_Exercise aim_
The reply must repeat the listing below exactly and carry none of its pictures.

_Data shown_
+++

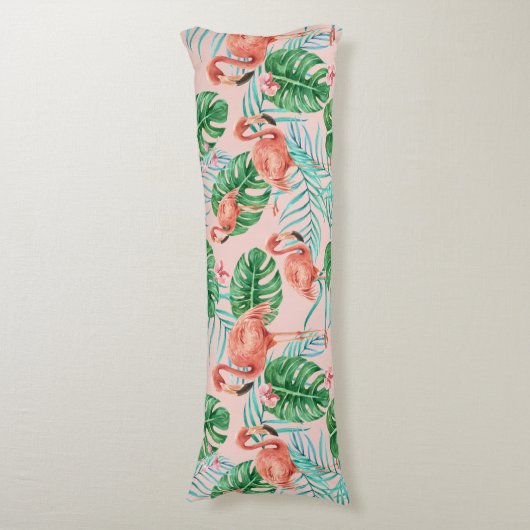 Flamingo Pattern Seitenschläferkissen (Vorderseite Vertikal)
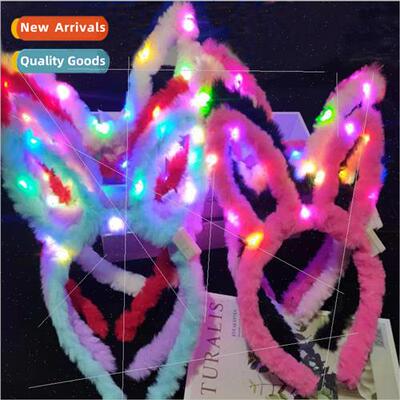 Extended 14 lights plush rabb ears hair bands night market l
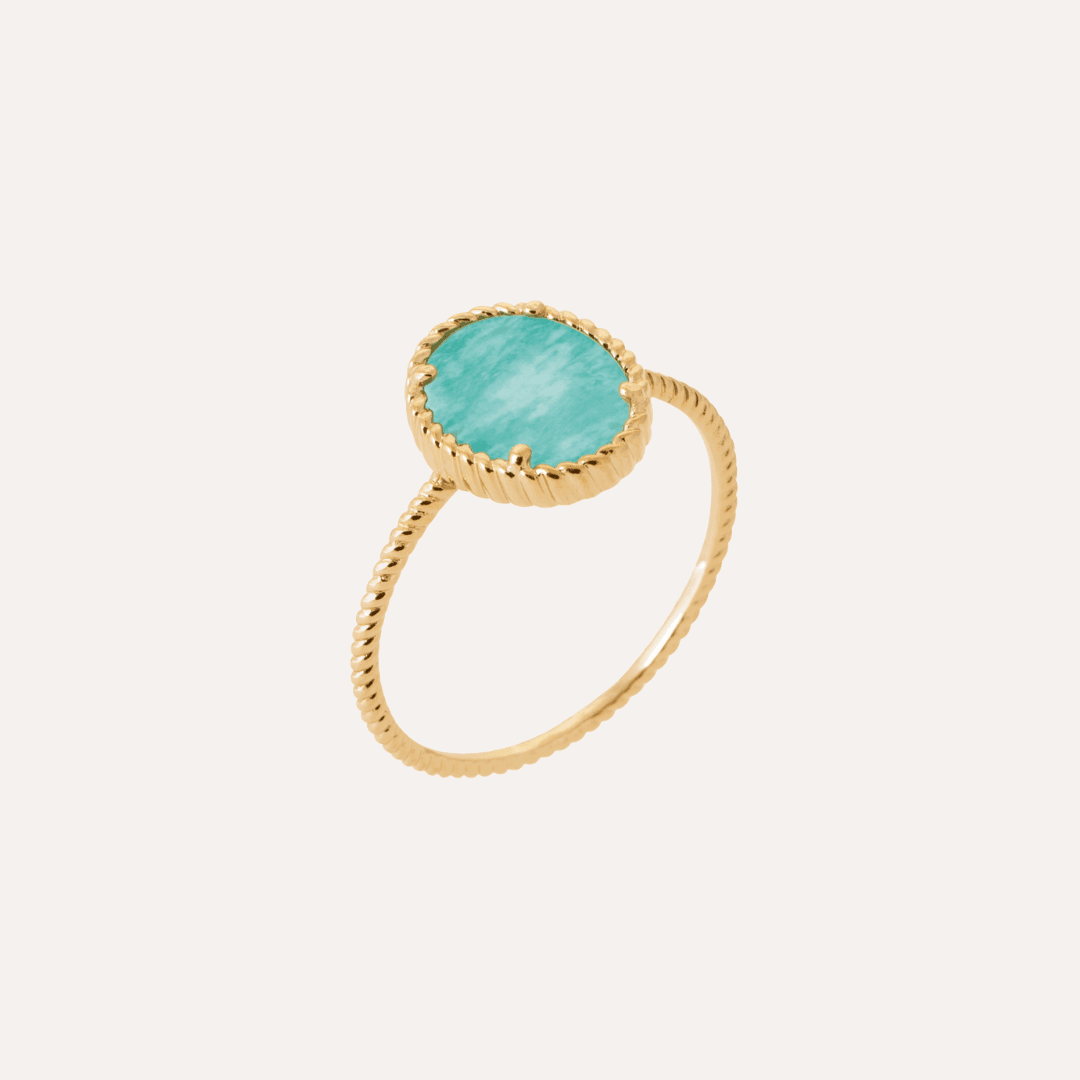 Bague plaqué or amazonite Adeline - 56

+++

_Result for this task_
 Flamingo Pattern Seitenschläferkissen (Vorderseite Vertikal)
 Extended 14 lights plush rabb ears hair bands night market l
 Bague plaqué or amazonite Adeline - 56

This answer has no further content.